The scalar reference code reconstructs a 6-bit unsigned value, then subtracts 32 to recenter it into a signed range. That detail is not cosmetic. If the kernel forgets the −32, the dot product receives a large positive bias.

const int8_t q1 =
(int8_t)((ql[l + 0] & 0xF) |
(((qh[l] >> 0) & 3) << 4)) - 32;
const int8_t q2 =
(int8_t)((ql[l + 32] & 0xF) |
(((qh[l] >> 2) & 3) << 4)) - 32;
const int8_t q3 =
(int8_t)((ql[l + 0] >> 4) |
(((qh[l] >> 4) & 3) << 4)) - 32;
const int8_t q4 =
(int8_t)((ql[l + 32] >> 4) |
(((qh[l] >> 6) & 3) << 4)) - 32;That extraction pattern is the kind of code that looks ugly because the data layout is optimized for compactness, not for human readability. The correct implementation is the one that agrees with the reference format.
Section 6: Q8_K — Why Activations Become Quantized Too
For decode-style inference, the model weights can stay quantized on disk and in memory. But the activation vector usually arrives as FP32 or BF16. To do a mixed quantized dot product efficiently, CKE quantizes that activation row into Q8_K blocks on the fly.
This is why Q8_K appears in kernels like gemv_q4_k_q8_k and gemv_q6_k_q8_k. The left side is a compressed weight row. The right side is a temporary quantized activation representation. The dot product can then accumulate integer products and apply floating scale terms at the block boundary.

void quantize_row_q8_k(const float *x, void *vy, int k) {
#if defined(__AVX512F__) && defined(__AVX512BW__)
quantize_row_q8_k_avx512(x, vy, k);
#elif defined(__AVX2__)
quantize_row_q8_k_avx2(x, vy, k);
#elif defined(__AVX__)
quantize_row_q8_k_avx(x, vy, k);
#elif defined(__SSE4_1__)
quantize_row_q8_k_sse(x, vy, k);
#else
quantize_row_q8_k_ref(x, vy, k);
#endif
}The activation quantizer is part of the inference hot path. If it is slow, the K-quant GEMV cannot win. If it is numerically different from the reference path, the optimized kernel inherits the error. A mixed quant kernel is only as trustworthy as both halves: the weight format decoder and the activation quantizer.

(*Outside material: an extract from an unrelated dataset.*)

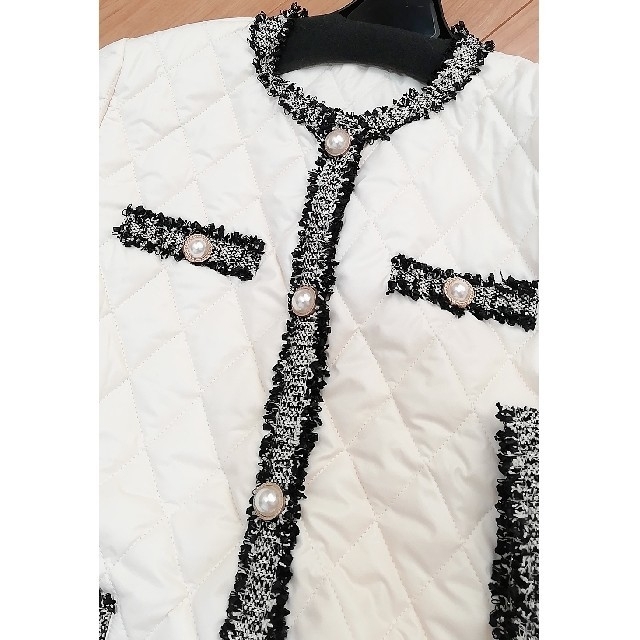 ZARA(ザラ)の新品未使用　クリームホワイト　中綿　キルト　ダウンコート　ノーカラー　ツイード レディースのジャケット/アウター(ダウンコート)の商品写真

Section 7: The Q4_K × Q8_K Dot Product
The Q4_K × Q8_K reference dot product shows the whole algorithm in compact form. First unpack the Q4_K scale/min fields. Then compute the product of packed Q4 values and Q8 activation values. Then apply scale terms. Then subtract the minimum correction using bsums.

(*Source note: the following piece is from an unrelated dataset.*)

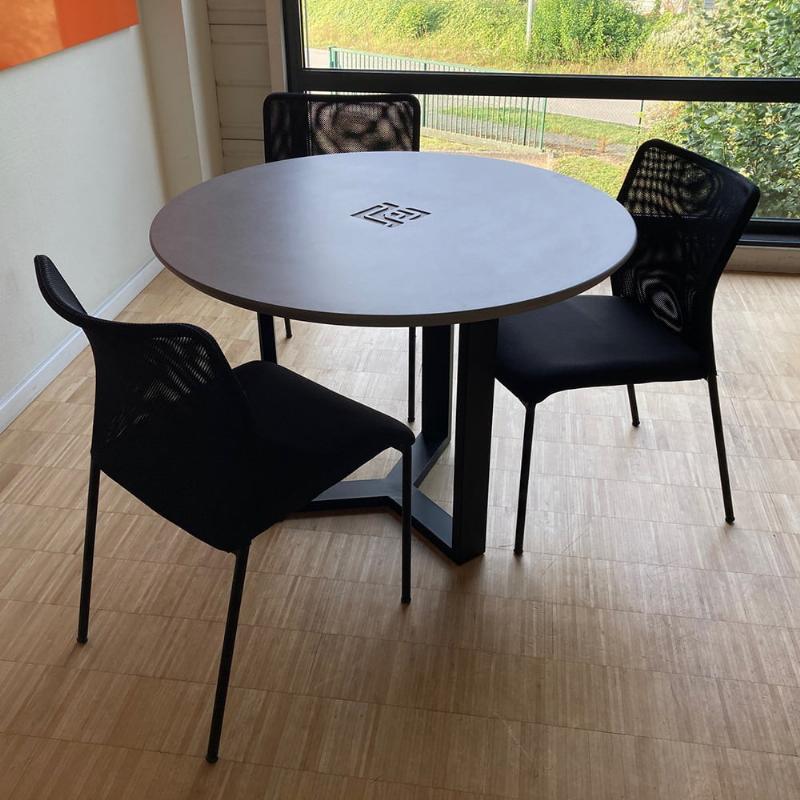 Table à manger centrale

The correction term is the part worth slowing down for. Because Q4_K has a min term, the dot product has to account for the contribution of that minimum across the activation block. Q8_K stores block sums partly to make that correction cheap.
uint8_t sc[8], m_val[8];
unpack_q4_k_scales(w[i].scales, sc, m_val);
const float d = CK_FP16_TO_FP32(w[i].d) * x[i].d;
const float dmin = CK_FP16_TO_FP32(w[i].dmin) * x[i].d;
int32_t aux32[8] = {0};
int sumi = 0;
for (int j = 0; j < QK_K / 16; ++j) {
sumi += (int)x[i].bsums[j] * (int)m_val[j / 2];
}
/* q4 nibble products accumulate into aux32 */
/* then apply scale and min correction */
sumf += d * aux32_sum;
sumf -= dmin * (float)sumi;This is the real difference between “I understand 4-bit quantization” and “I understand Q4_K.” The first says “unpack nibbles and multiply by scale.” The second says “unpack nibbles, unpack scale/min metadata, use activation block sums, and subtract the correction term with exactly the right indexing.”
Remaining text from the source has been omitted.